#### PROBLEM DESCRIPTION:
Check every line of the data below for "Adidas". Copy each one that has it.

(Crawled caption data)
:::

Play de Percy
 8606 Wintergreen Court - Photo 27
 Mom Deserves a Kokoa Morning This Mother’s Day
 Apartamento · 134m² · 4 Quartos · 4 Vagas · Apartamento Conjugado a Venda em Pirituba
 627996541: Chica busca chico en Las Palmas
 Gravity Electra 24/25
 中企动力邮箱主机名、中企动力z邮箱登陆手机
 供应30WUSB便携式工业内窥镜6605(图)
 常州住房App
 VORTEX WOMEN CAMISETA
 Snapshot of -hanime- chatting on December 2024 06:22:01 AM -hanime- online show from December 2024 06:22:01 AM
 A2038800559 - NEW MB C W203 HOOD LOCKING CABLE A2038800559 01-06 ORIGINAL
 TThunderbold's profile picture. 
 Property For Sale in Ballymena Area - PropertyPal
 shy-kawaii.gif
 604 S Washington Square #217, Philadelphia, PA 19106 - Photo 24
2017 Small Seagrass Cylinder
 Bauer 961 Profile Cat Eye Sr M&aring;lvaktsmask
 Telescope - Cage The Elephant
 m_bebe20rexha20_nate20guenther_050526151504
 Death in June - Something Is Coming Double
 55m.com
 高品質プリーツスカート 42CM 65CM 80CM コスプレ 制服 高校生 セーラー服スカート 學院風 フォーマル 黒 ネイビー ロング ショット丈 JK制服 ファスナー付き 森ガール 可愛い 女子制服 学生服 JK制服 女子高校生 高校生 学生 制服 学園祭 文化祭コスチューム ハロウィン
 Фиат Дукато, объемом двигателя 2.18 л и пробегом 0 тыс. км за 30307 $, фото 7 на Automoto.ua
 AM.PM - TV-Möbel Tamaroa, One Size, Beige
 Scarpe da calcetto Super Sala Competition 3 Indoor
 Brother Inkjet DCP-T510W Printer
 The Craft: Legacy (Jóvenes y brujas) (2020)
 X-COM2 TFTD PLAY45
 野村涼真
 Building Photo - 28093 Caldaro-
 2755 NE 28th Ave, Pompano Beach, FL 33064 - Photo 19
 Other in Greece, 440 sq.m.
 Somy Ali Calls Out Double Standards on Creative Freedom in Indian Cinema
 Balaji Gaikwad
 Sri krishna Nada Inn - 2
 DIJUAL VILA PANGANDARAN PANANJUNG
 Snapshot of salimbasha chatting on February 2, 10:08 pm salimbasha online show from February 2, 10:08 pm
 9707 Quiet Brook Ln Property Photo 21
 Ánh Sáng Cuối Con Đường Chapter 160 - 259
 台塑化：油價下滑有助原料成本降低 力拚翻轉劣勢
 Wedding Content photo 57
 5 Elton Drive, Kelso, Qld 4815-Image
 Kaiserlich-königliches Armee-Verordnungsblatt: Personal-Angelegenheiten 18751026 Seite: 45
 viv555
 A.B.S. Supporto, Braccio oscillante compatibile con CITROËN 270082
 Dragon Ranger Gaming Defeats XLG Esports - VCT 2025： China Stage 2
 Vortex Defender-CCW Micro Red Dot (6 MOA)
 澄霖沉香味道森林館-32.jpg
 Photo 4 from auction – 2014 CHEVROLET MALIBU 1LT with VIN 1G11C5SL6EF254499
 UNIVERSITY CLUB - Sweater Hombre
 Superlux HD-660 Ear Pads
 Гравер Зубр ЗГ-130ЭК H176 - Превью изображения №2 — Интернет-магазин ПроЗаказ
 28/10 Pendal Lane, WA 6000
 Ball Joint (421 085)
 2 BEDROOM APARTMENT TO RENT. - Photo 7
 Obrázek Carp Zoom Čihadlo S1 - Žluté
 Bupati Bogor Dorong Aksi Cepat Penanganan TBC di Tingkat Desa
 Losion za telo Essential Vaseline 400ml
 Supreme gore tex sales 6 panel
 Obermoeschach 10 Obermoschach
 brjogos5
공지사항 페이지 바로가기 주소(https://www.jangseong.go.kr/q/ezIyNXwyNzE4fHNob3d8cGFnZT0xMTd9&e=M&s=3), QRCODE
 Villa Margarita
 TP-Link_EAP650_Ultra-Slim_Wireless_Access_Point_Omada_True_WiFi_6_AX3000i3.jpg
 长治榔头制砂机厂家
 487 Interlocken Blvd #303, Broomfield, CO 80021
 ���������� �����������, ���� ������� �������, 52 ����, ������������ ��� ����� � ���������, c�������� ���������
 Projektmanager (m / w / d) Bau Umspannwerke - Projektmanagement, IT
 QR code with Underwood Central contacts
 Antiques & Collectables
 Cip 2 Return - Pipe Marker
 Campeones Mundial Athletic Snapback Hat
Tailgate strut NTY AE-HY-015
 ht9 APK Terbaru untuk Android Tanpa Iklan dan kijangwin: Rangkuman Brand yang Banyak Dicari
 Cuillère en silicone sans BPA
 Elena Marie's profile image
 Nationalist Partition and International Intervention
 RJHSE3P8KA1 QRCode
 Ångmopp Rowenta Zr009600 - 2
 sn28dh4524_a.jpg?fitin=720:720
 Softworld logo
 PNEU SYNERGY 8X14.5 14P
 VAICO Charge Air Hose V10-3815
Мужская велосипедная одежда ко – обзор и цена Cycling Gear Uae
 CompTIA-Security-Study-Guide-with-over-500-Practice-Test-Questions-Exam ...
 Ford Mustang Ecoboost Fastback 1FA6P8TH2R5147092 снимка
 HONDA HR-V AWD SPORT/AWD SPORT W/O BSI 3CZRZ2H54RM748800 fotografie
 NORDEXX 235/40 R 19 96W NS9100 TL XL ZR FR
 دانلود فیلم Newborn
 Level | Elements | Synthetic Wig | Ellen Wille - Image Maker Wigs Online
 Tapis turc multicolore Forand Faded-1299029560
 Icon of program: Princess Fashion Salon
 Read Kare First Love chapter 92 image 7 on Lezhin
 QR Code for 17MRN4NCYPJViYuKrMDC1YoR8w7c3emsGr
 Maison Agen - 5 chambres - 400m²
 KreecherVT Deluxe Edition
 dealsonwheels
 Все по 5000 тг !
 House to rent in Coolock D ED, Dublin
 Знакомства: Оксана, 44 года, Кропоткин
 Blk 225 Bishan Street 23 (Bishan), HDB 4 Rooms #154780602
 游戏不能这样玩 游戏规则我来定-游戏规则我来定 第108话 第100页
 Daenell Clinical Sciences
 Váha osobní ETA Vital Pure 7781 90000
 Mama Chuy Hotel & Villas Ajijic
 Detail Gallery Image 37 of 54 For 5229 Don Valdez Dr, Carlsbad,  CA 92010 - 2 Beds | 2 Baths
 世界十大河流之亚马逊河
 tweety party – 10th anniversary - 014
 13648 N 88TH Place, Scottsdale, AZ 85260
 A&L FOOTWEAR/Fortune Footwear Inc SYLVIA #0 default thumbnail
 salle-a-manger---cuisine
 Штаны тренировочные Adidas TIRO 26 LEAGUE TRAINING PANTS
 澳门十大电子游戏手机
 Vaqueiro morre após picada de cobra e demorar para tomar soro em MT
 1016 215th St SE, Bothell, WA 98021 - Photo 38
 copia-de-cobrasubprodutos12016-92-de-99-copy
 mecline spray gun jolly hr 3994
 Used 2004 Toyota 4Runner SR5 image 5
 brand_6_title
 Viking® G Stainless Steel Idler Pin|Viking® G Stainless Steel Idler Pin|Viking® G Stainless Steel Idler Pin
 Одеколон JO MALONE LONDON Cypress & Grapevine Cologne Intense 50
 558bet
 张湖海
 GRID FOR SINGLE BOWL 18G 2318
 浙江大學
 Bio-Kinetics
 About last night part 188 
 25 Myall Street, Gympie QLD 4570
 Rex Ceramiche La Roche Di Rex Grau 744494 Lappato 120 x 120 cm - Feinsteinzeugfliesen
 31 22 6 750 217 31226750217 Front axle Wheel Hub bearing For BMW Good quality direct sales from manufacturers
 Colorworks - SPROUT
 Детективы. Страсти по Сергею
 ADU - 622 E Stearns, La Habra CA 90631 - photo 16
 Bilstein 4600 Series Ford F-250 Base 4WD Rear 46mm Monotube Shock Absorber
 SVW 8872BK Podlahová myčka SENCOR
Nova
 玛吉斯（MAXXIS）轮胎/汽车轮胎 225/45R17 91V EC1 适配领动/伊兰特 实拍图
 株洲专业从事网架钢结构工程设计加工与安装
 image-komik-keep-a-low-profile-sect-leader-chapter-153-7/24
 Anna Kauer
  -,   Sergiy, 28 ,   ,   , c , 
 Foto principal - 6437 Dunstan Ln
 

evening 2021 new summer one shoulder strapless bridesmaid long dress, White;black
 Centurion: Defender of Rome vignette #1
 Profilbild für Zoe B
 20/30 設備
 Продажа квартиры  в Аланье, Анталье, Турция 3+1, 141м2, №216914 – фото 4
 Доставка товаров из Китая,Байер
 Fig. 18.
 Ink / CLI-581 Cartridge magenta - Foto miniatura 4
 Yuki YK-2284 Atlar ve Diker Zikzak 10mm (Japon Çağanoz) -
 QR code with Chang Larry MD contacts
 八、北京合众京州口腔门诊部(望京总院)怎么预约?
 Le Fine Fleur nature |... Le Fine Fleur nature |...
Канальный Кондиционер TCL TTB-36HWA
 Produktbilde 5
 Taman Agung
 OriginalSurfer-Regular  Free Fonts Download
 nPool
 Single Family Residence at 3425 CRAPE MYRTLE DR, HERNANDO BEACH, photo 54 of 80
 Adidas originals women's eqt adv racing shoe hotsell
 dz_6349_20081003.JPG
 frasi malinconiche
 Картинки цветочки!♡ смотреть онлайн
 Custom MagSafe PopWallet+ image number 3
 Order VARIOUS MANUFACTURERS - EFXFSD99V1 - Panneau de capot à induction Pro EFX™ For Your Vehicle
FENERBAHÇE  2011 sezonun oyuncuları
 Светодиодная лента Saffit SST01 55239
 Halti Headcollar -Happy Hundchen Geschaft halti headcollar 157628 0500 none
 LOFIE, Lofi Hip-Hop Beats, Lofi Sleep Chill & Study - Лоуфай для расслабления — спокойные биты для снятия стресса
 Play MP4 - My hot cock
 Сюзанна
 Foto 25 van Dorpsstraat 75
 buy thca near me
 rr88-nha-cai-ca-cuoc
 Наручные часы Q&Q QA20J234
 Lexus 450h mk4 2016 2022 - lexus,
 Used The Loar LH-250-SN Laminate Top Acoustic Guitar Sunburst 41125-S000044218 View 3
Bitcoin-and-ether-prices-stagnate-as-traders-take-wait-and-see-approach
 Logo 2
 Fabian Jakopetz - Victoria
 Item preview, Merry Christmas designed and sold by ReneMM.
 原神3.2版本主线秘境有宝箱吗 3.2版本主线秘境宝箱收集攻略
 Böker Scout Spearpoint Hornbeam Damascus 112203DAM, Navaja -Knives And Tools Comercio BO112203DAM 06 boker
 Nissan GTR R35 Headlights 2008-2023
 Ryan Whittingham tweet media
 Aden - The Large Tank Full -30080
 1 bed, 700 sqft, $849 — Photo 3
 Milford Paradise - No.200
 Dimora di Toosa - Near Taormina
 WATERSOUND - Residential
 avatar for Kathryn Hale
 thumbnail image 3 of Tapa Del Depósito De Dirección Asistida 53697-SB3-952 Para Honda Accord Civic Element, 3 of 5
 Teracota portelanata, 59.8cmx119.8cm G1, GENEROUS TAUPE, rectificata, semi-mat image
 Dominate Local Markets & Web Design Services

:::

#### WRITTEN REPLY:
 Штаны тренировочные Adidas TIRO 26 LEAGUE TRAINING PANTS
 Adidas originals women's eqt adv racing shoe hotsell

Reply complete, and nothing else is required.